> [TASK STATEMENT]: Go through the listing and set it down exactly, leaving out its pictures.

=== GIVEN DATA ===

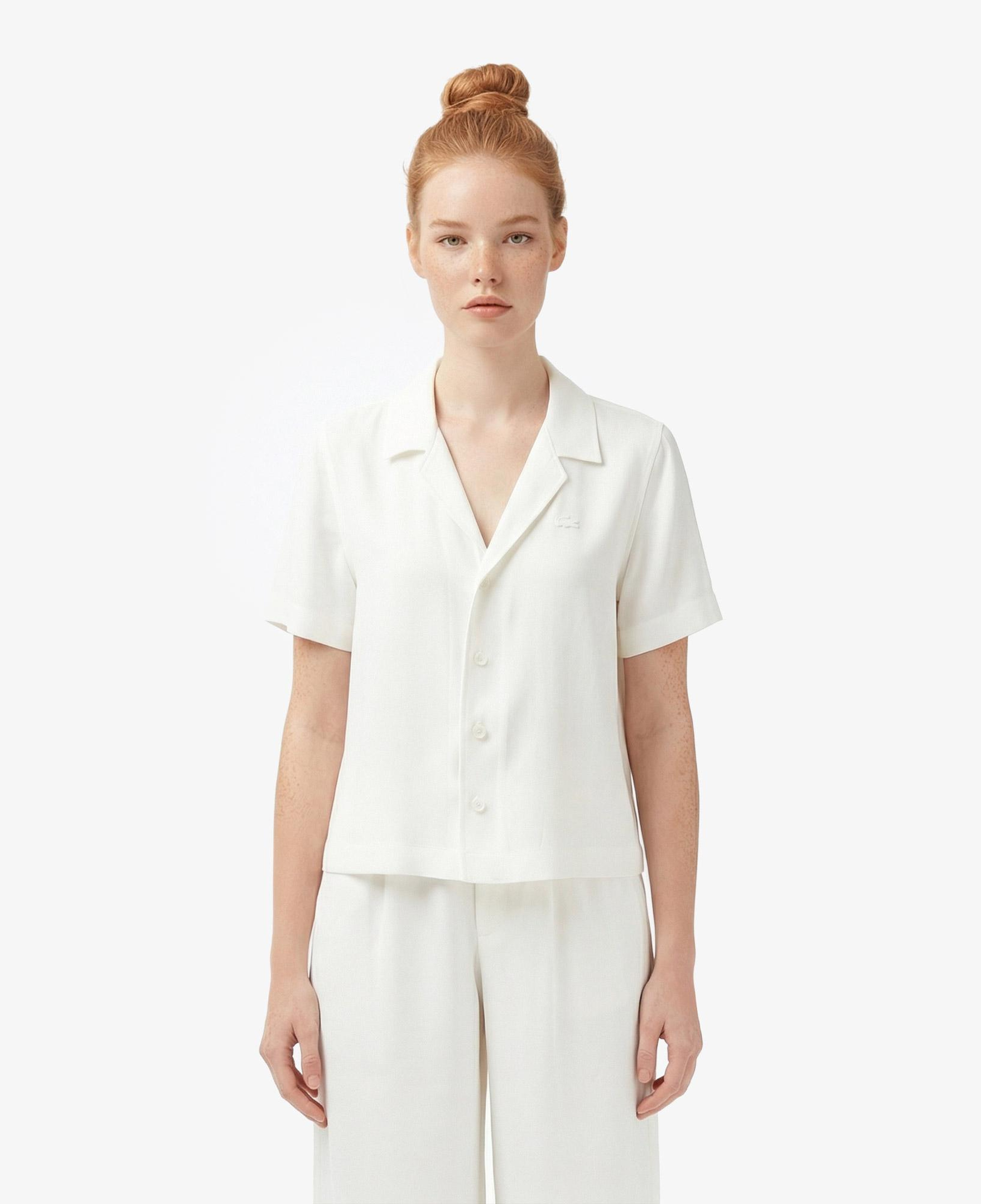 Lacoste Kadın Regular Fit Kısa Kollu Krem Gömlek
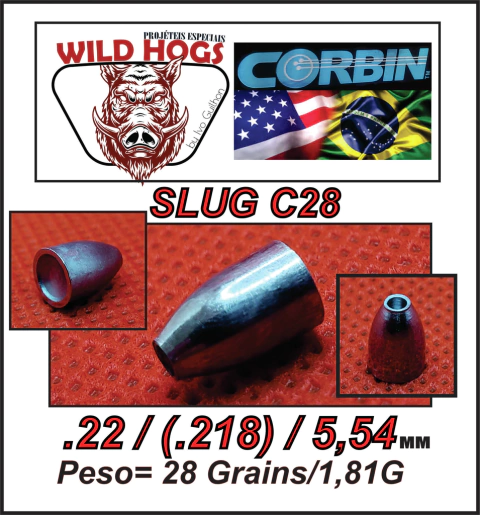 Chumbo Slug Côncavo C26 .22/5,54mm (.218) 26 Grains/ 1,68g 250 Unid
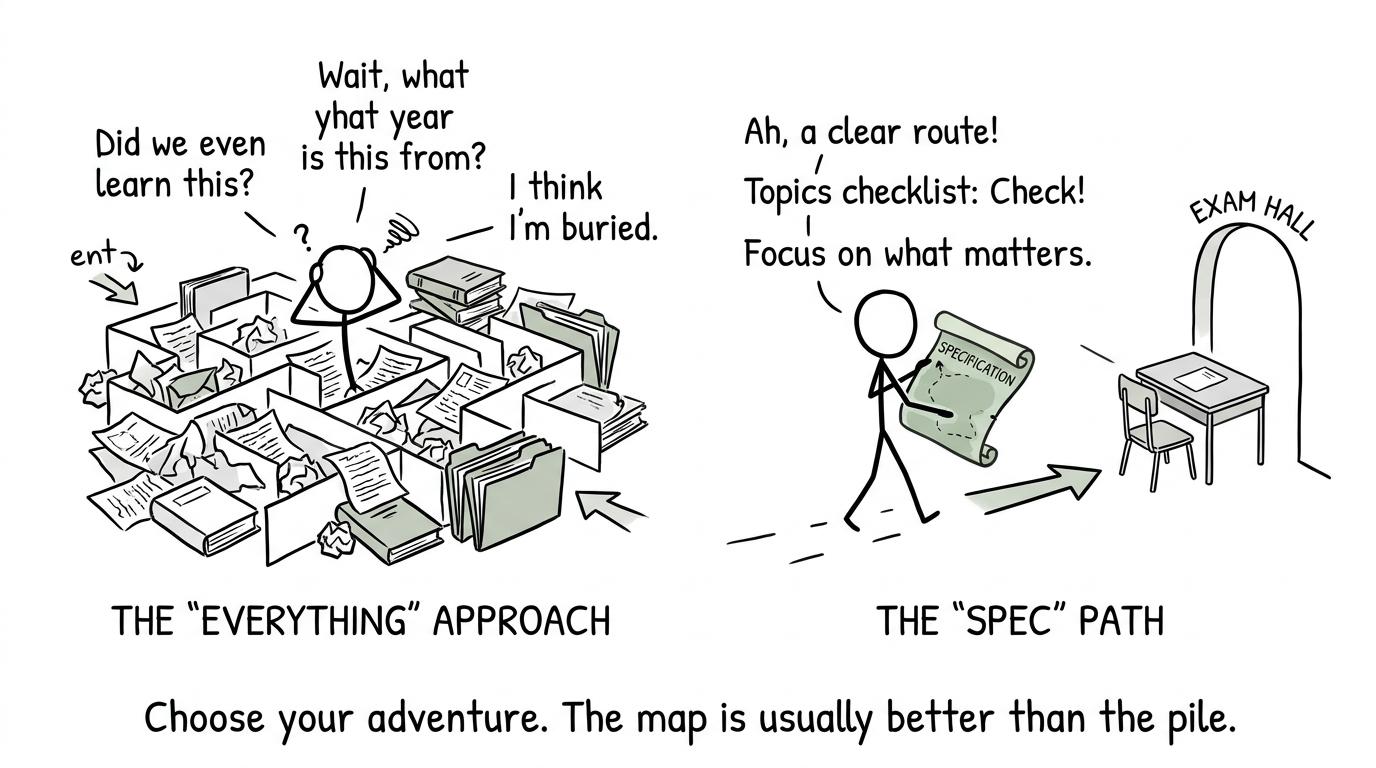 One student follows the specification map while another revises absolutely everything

===

> [FINISHED TASK]:
 Lacoste Kadın Regular Fit Kısa Kollu Krem Gömlek
 Chumbo Slug Côncavo C26 .22/5,54mm (.218) 26 Grains/ 1,68g 250 Unid
 One student follows the specification map while another revises absolutely everything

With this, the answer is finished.